## THE TASK
Starting at the top line and ending at the bottom one, repeat the entries exactly and drop every picture.

══ MATERIAL TO PROCESS ══

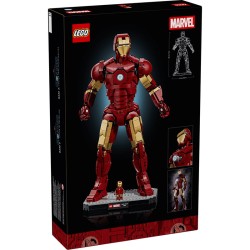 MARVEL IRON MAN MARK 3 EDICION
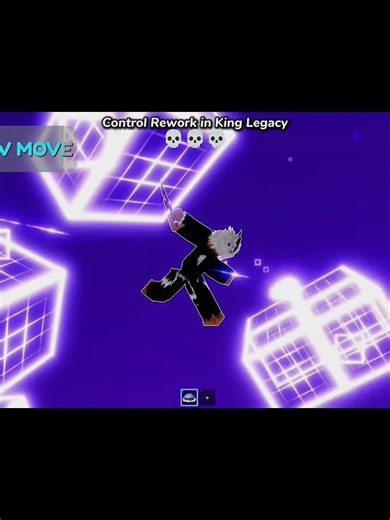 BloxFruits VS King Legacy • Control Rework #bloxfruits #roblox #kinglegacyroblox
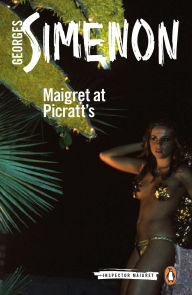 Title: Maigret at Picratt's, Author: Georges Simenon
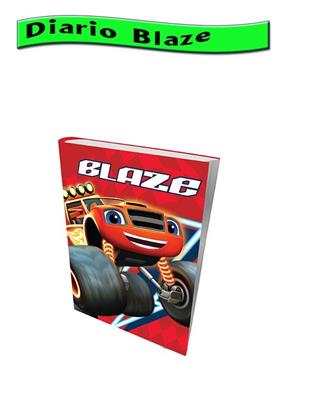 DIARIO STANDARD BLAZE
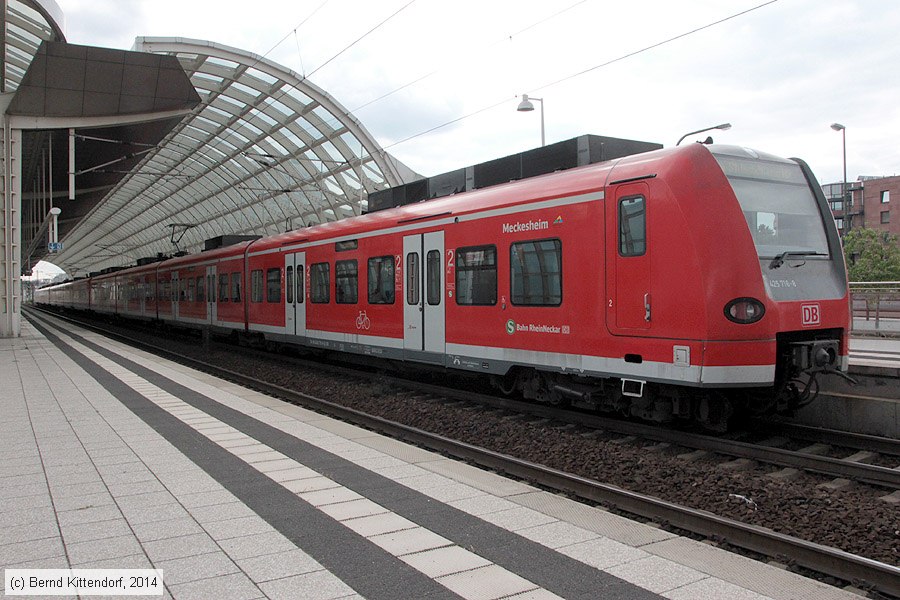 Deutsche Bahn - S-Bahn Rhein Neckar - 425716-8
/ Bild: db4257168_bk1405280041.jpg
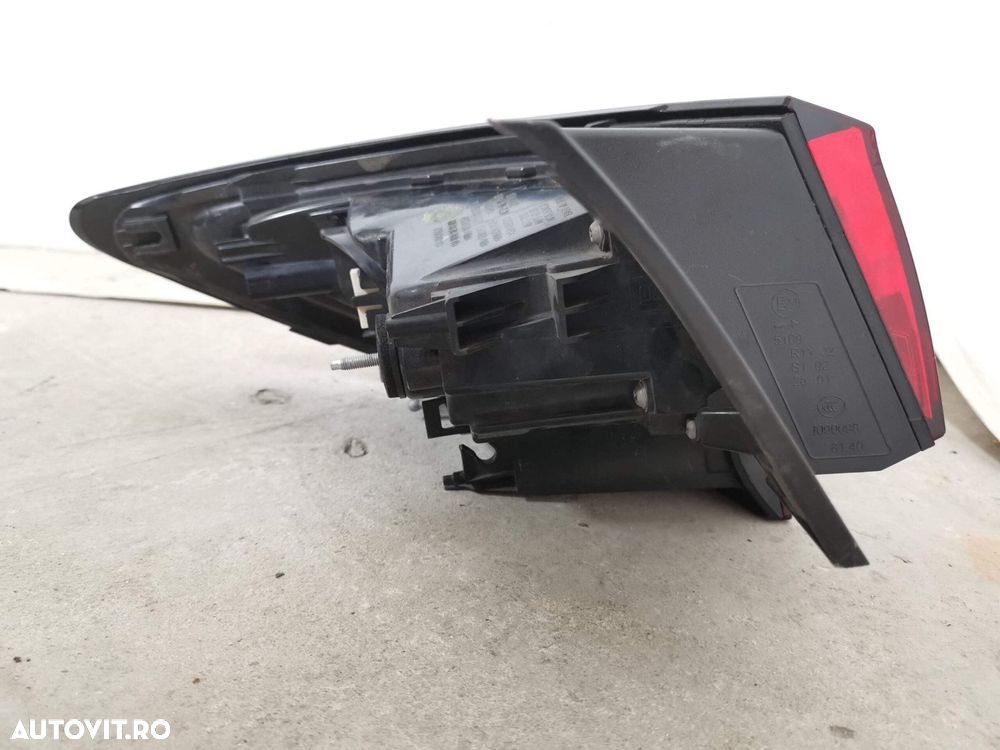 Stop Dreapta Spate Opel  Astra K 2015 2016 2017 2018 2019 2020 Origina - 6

═══

## EXERCISE RESULT
 MARVEL IRON MAN MARK 3 EDICION
 BloxFruits VS King Legacy • Control Rework #bloxfruits #roblox #kinglegacyroblox
 Title: Maigret at Picratt's, Author: Georges Simenon
 DIARIO STANDARD BLAZE
 Deutsche Bahn - S-Bahn Rhein Neckar - 425716-8
/ Bild: db4257168_bk1405280041.jpg
 Stop Dreapta Spate Opel  Astra K 2015 2016 2017 2018 2019 2020 Origina - 6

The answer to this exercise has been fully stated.